→ What you have to do:
Below is a listing. Return the lines from the one that contains "Club Nautique de Martigues Carro" to the one that contains "New 2026 Audi Q3 SUV", both ends included, verbatim and with no pictures.

→ Data to use:
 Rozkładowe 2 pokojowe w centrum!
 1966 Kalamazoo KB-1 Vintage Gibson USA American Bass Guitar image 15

* * *

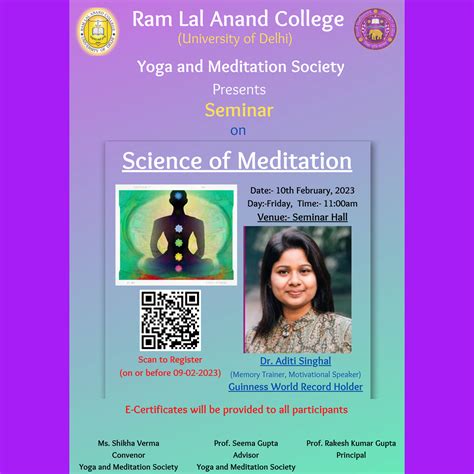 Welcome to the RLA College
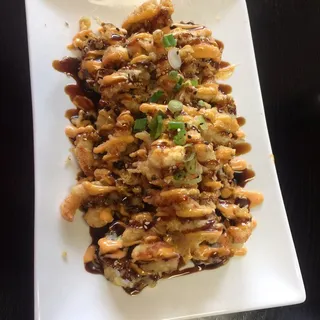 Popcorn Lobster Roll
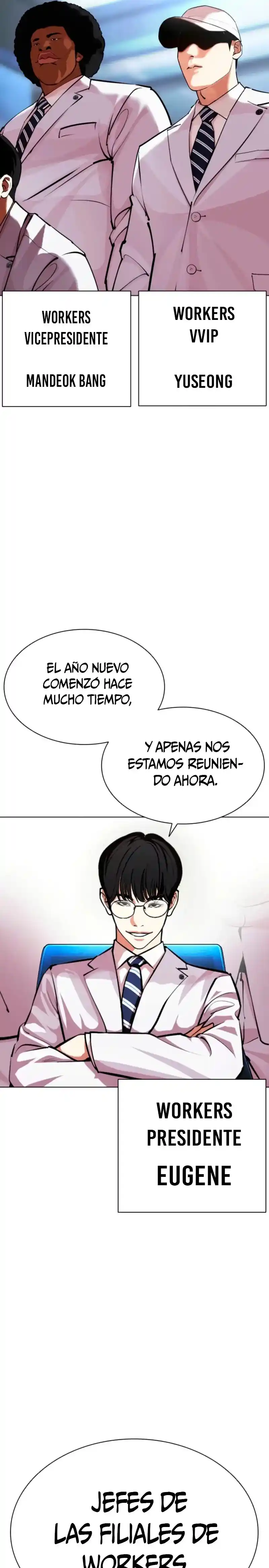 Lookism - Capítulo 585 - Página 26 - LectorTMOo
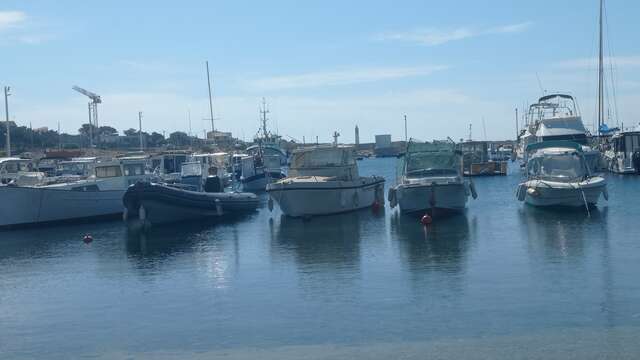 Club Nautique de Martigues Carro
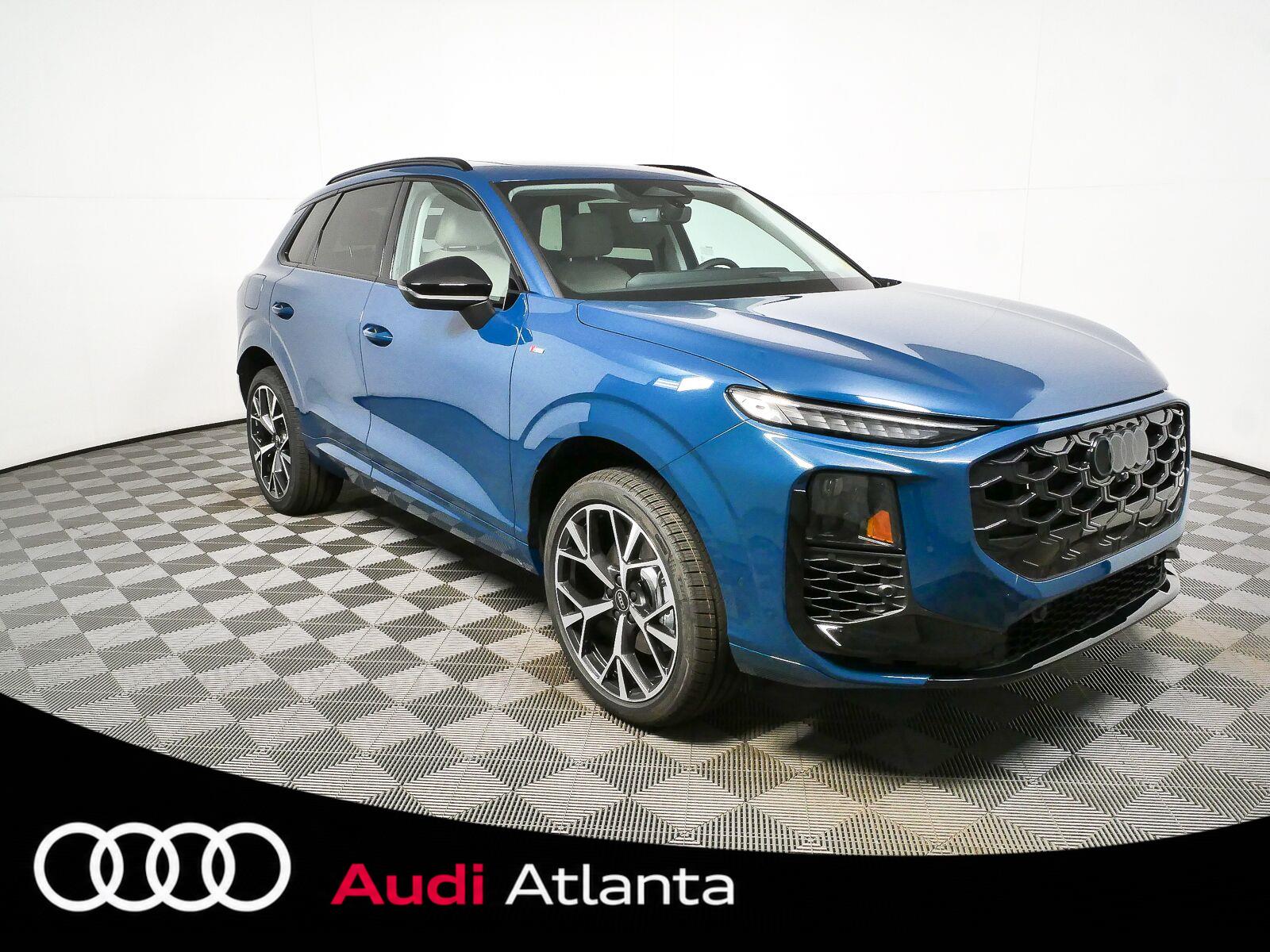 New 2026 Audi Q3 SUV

→ Answer section:
 Club Nautique de Martigues Carro
 New 2026 Audi Q3 SUV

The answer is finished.